The potential difference applied across a given conductor is doubled. How will this affect (i) the mobility of electrons and (ii) the current density in the conductor? Justify your answers.

Two coils $$C_1$$ and $$C_2$$ are placed close to each other. The magnetic flux $$\phi_2$$ linked with the coil $$\mathrm{C}_2$$ varies with the current $$I_1$$ flowing in coil $$C_1$$, as shown in the figure. Find

(i) the mutual inductance of the arrangement, and

(ii) the rate of change of current $$\left(\frac{d \mathrm{I}_1}{d t}\right)$$ that will induce an emf of 100 V in coil C$$_2$$.

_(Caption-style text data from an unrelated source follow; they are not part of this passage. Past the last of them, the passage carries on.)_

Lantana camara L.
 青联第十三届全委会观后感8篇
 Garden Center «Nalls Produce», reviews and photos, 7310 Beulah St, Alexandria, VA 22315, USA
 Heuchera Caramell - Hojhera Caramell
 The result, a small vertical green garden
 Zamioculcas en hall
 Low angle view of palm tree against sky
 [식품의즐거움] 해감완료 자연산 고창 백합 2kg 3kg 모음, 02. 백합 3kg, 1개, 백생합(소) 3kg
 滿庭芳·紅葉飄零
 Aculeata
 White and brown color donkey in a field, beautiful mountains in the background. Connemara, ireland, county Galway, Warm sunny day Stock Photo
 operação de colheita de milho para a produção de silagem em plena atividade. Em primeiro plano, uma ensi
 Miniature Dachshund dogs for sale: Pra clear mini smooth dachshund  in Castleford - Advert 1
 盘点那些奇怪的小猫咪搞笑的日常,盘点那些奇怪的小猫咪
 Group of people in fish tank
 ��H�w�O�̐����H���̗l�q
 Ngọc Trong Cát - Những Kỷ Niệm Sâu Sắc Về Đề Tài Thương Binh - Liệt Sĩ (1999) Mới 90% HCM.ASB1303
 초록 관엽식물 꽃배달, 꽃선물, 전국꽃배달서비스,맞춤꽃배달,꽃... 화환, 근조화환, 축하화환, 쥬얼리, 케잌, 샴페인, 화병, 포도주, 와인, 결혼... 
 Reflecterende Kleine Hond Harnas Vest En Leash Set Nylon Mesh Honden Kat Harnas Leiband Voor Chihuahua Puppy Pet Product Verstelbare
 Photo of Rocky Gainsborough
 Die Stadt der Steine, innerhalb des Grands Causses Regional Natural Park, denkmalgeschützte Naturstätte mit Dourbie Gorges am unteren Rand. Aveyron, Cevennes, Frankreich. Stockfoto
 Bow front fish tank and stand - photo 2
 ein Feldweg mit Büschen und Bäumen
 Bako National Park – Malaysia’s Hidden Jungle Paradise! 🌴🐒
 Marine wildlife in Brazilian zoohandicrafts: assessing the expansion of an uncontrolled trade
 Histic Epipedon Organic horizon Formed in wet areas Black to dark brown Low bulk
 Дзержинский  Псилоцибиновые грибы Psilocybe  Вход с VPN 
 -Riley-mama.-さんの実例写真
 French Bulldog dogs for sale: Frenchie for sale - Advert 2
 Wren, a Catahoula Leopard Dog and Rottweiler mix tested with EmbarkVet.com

(a) A plane wave-front propagating in a medium of refractive index '$$\mu_1$$' is incident on a plane surface making an angle of incidence (i). It enters into a medium of refractive index $$\mu_2\left(\mu_2>\mu_1\right)$$. Use Huygen's construction of secondary wavelets to trace the retracted wave-front. Hence, verify Snell's law of refraction.

OR

Using Huygen's construction, show how a plane wave is reflected from a surface. Hence, verify the law of reflection.